▸ **What needs to be done**: Of the entries below, return exactly those lines that fall between the one containing "Veneziacentopercento La Forcola" and the one containing "Hungary, Budapest V., Kálvin", the two end lines included.

▸ **Data for analysis**:
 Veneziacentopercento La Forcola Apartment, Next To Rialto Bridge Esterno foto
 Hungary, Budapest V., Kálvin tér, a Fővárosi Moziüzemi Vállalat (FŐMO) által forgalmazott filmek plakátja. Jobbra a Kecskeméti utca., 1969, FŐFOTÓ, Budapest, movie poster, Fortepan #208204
==
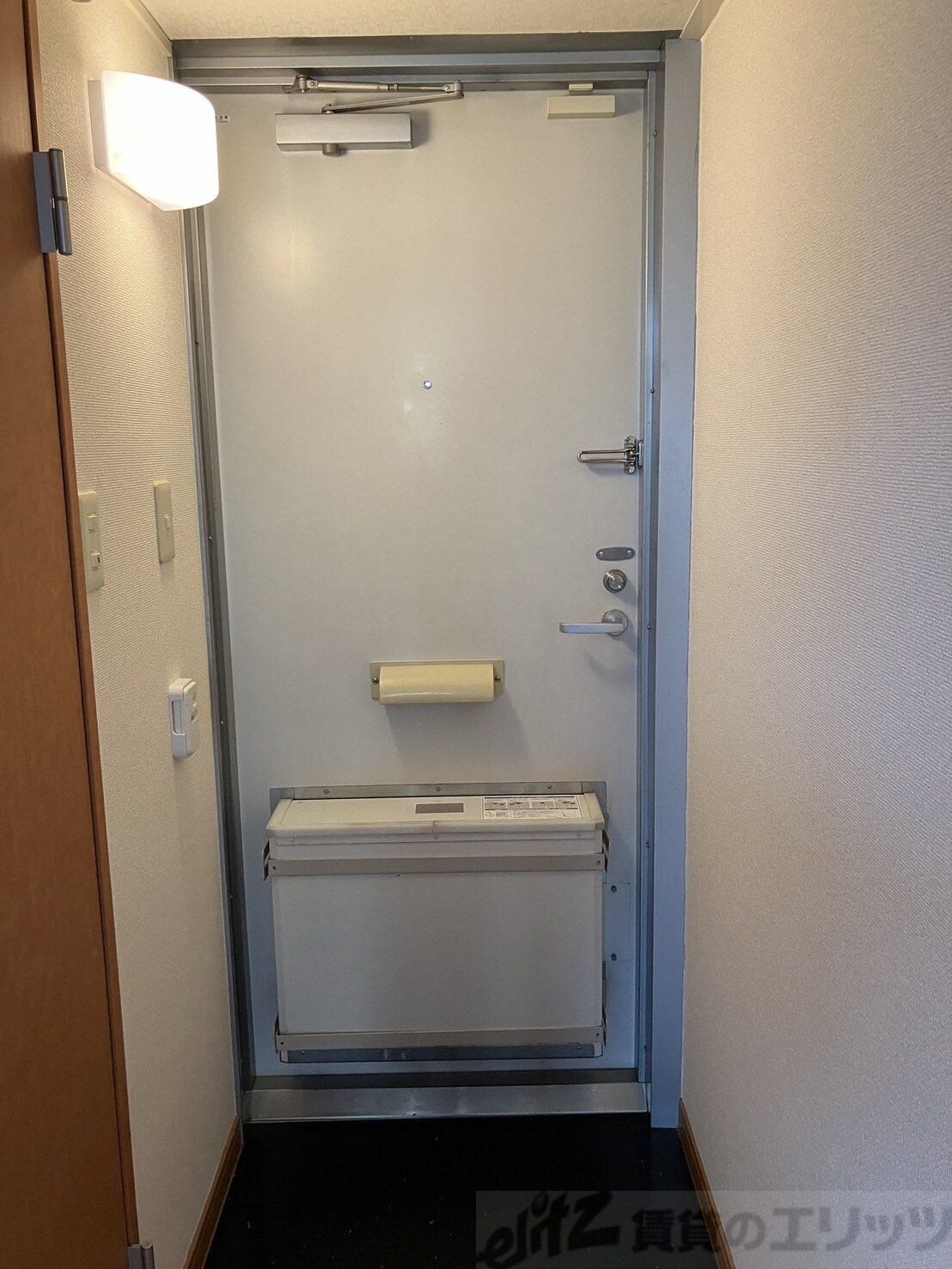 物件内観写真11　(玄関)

▸ **Response to this task**:
 Veneziacentopercento La Forcola Apartment, Next To Rialto Bridge Esterno foto
 Hungary, Budapest V., Kálvin tér, a Fővárosi Moziüzemi Vállalat (FŐMO) által forgalmazott filmek plakátja. Jobbra a Kecskeméti utca., 1969, FŐFOTÓ, Budapest, movie poster, Fortepan #208204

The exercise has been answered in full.